WASHINGTON — The Pentagon says it had planned to abandon a remote U.S. outpost in Afghanistan where eight soldiers were killed last weekend.
A Pentagon spokesman says the combat outpost in Nuristan province was on a list of far-flung bases that U.S. war commanders had decided were not worth keeping. That decision was on the books before last weekend’s deadly 12-hour firefight.
Insurgents had fought their way inside the base in Afghanistan’s Kamdesh district in a rare security breach before they were driven back under heavy fire.
Saturday’s nearly six-hour battle, near the eastern border with Pakistan, left eight American and three Afghan soldiers dead — one of the heaviest U.S. losses of life in a single battle since the war began.
NATO says around 100 insurgents also were killed.
Most U.S. installations in Iraq and Afghanistan are heavily guarded with rings of razor wire, huge sand-filled barriers, blast walls and security cameras. It is rare — almost unheard of — for insurgents to breach such defenses and get inside.
Maj. T.G. Taylor, an American public-affairs officer, said it was unclear how the attackers penetrated the base or how many there were. He stressed he was not in Kamdesh at the time and that his information was based on preliminary reports.
Taylor said 24 Americans and 10 Afghan soldiers were wounded during the fighting. Large portions of the base burned down, probably from incoming rocket and machine gun fire, he said.
The evening before the attack, insurgents comprised mostly of local Nuristani fighters began warning villagers “that something was going to go down and asked them to evacuate,” Taylor told The Associated Press in a telephone interview from nearby Jalalabad.
It’s unclear whether civilians fled, but local police units did — nearly all except the police chief, who was later captured and executed.
Coalition forces fended off the assault with “a combination of close air support and small-arms fire,” Taylor said.
NATO officials have said the coalition used artillery and helicopter gunships.
But the worst of the battle came when attackers were able to “breach the perimeter of one of the bases and get inside,” Taylor said. “They got a foothold on the base. But coalition and Afghan national army forces consolidated their positions, retook the parts of the base the enemy was on and re-established security.”
Close-quarters combat would have been likely at such a time — a rarity in both the Afghan and Iraq wars for U.S. troops.
Fighting dragged on for about 5 1/2 to six hours until coalition reinforcements were flown in by helicopter to a nearby location, Taylor said. The reinforcements could not land in the area and traveled to the bases on foot.

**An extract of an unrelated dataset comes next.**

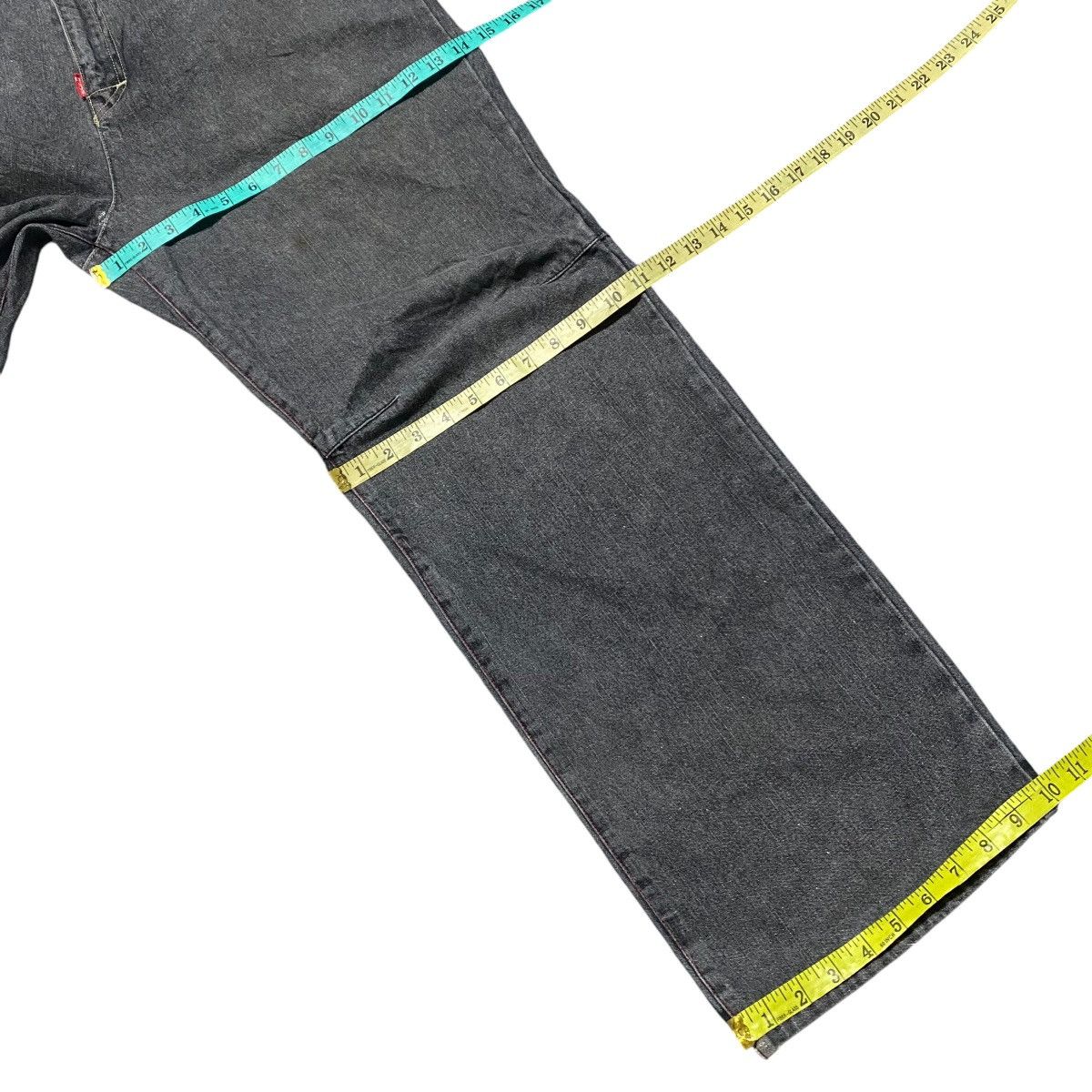 Ecko Unltd. Vintage Ecko Complex Black Baggy Jeans Anti Fray System Size US 36 / EU 52 - 17 Thumbnail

Asked how insurgents were able to get close enough to carry out the attack, Taylor cited difficulties distinguishing fighters from the general population.
Fort Carson unit
Eight U.S. soldiers killed in a weekend attack in Afghanistan were from a single Fort Carson unit, the 4th Brigade Combat Team, 4th Infantry Division. The brigade has seen some of the fiercest fighting in Iraq and Afghanistan. Lt. Col. Steve Wollman said about 3,500 troops from the brigade are in Afghanistan.